▶ [Aim of the task] Only the lines from the start of the data to the line containing "surface with pouch.", both included, should be output, exactly and without pictures.
------ Provided records
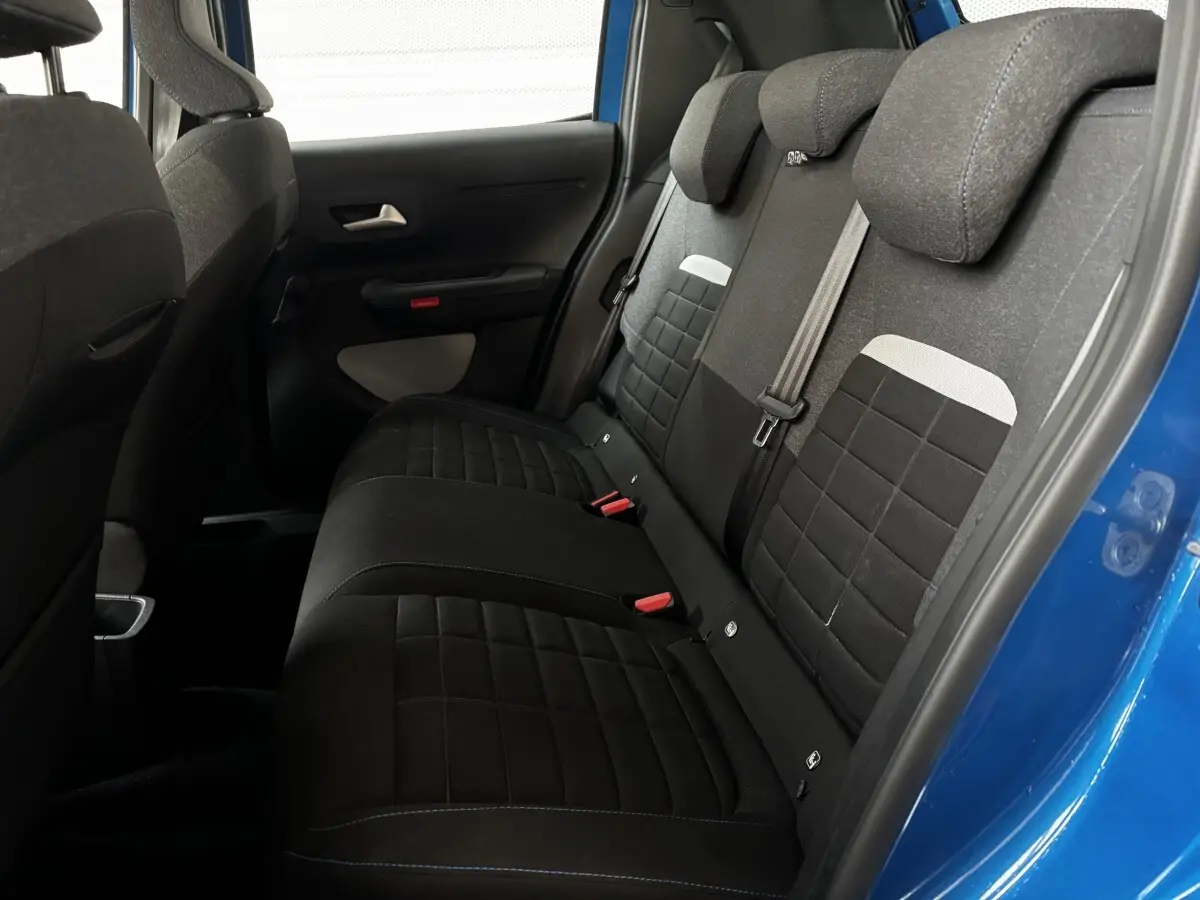 Vue intérieure côté droit des sièges arrière noirs et gris de la Citroën C3 2025 avec porte bleue ouverte.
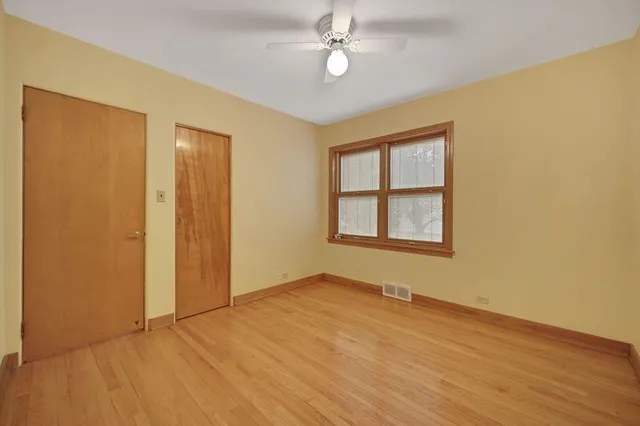 a view of an empty room with window and wooden floor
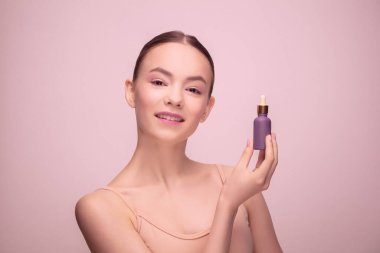 Açık pembe stüdyo arka planında izole edilmiş güzel bir genç kadının portresi. Kadın güzelliği kavramı, yüz bakımı, hassasiyet, duygusallık.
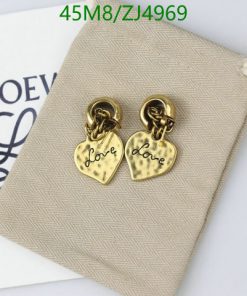 Gold heart "Love" earrings on beige surface with pouch.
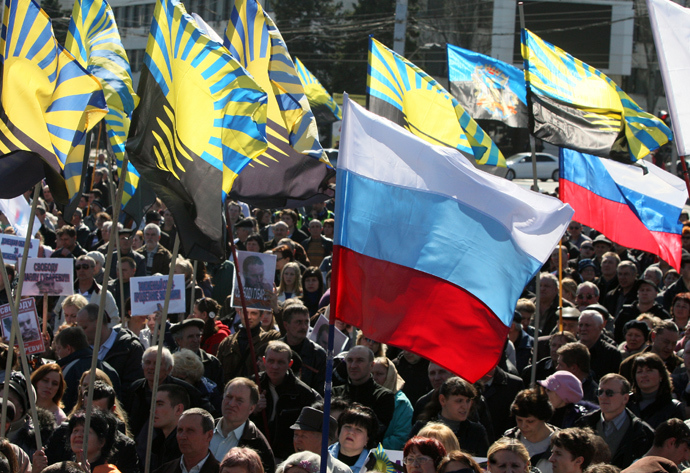 Pro-Russian protesters wave Russian flags along with the flags of the Donetsk region during a rally in the eastern Ukrainian city of Donetsk on March 23, 2014 (AFP Photo / Alexander Khudoteply)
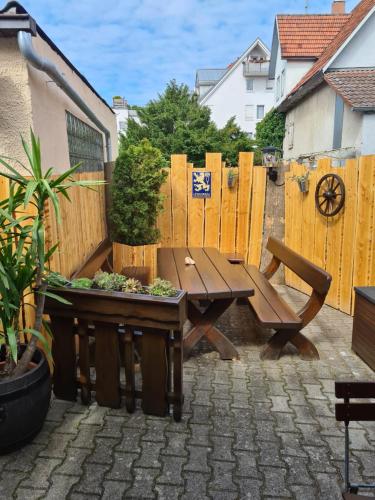 a patio with a wooden table and a wooden fence at Gasthof Wolfs Stuben in Reichenbach an der Fils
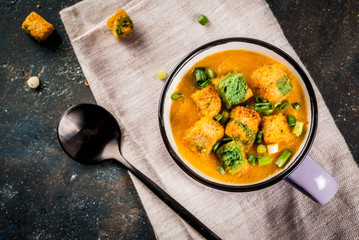 Homemade pureed carrot cream soup, with bread crackers, fresh herbs and cream. On a dark blue background,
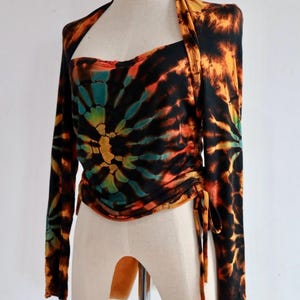 Könnte beinhalten: Ein langärmliges Batik-Oberteil mit schwarzem Hintergrund und orangefarbenen, gelben, grünen und blauen Batik-Mustern. Das Oberteil hat einen U-Boot-Ausschnitt und ist mit einem Band in der Taille gebunden.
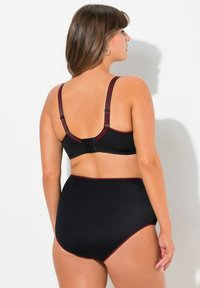 Černá plavková souprava s texturovaným designem, nastavitelnými ramínky a červenými akcenty. Kalhotky s vysokým pasem poskytují plné krytí.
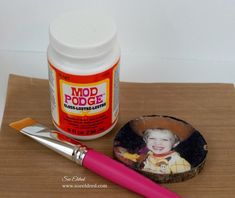 a pink paint brush next to a jar of food coloring and a small photo on a wooden surface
------------
▶ [Written solution]
 Vue intérieure côté droit des sièges arrière noirs et gris de la Citroën C3 2025 avec porte bleue ouverte.
 a view of an empty room with window and wooden floor
 Açık pembe stüdyo arka planında izole edilmiş güzel bir genç kadının portresi. Kadın güzelliği kavramı, yüz bakımı, hassasiyet, duygusallık.
 Gold heart "Love" earrings on beige surface with pouch.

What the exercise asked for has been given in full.